» **THE INPUT**:
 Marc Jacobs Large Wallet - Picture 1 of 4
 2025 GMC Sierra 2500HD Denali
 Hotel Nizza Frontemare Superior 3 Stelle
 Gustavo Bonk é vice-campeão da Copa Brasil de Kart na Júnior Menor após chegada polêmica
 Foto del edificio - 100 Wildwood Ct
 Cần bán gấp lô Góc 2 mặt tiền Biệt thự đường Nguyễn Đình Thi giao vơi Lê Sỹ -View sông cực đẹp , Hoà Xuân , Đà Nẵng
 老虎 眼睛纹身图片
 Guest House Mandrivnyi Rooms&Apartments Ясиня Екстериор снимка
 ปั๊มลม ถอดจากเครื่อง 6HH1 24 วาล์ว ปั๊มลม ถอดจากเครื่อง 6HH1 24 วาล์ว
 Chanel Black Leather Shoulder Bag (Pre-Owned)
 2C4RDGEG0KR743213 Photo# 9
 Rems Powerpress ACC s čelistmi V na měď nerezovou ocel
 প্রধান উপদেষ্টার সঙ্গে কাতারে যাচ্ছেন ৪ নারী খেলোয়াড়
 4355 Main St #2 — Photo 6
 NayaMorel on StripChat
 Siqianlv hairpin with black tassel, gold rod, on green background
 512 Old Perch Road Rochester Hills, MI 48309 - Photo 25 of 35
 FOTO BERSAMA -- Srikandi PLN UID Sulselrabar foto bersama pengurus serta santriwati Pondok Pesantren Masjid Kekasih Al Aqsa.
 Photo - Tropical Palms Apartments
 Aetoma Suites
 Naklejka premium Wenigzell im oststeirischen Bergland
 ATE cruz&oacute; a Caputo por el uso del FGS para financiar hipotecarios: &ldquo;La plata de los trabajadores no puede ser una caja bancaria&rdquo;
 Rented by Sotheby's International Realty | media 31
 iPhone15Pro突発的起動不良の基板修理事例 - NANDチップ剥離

» **WHAT IS EXPECTED**: Could you set down, word for word, only the lines above from the line with "Rems Powerpress ACC" to the line with "512 Old Perch", including both?

» **SOLUTION FOR THIS PROBLEM**:
 Rems Powerpress ACC s čelistmi V na měď nerezovou ocel
 প্রধান উপদেষ্টার সঙ্গে কাতারে যাচ্ছেন ৪ নারী খেলোয়াড়
 4355 Main St #2 — Photo 6
 NayaMorel on StripChat
 Siqianlv hairpin with black tassel, gold rod, on green background
 512 Old Perch Road Rochester Hills, MI 48309 - Photo 25 of 35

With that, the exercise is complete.